Gather all lines in the entries that include the word "Chapter".

—————

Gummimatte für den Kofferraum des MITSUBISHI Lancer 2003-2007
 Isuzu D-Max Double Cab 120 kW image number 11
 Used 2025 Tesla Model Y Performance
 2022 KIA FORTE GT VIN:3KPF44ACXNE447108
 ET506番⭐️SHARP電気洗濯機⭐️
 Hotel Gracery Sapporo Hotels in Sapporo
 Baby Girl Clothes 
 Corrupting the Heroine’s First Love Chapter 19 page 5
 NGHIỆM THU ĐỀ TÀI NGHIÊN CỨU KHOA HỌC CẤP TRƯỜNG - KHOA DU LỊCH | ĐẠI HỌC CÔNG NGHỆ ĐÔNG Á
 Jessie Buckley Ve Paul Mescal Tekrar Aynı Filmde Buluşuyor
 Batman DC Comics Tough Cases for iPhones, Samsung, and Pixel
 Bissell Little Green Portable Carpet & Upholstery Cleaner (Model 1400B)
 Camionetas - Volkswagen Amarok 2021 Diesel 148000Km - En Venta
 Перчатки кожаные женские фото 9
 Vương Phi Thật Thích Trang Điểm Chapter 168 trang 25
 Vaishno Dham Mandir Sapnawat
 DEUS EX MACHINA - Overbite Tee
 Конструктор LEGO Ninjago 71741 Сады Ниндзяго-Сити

—————

> Exercise result
 Corrupting the Heroine’s First Love Chapter 19 page 5
 Vương Phi Thật Thích Trang Điểm Chapter 168 trang 25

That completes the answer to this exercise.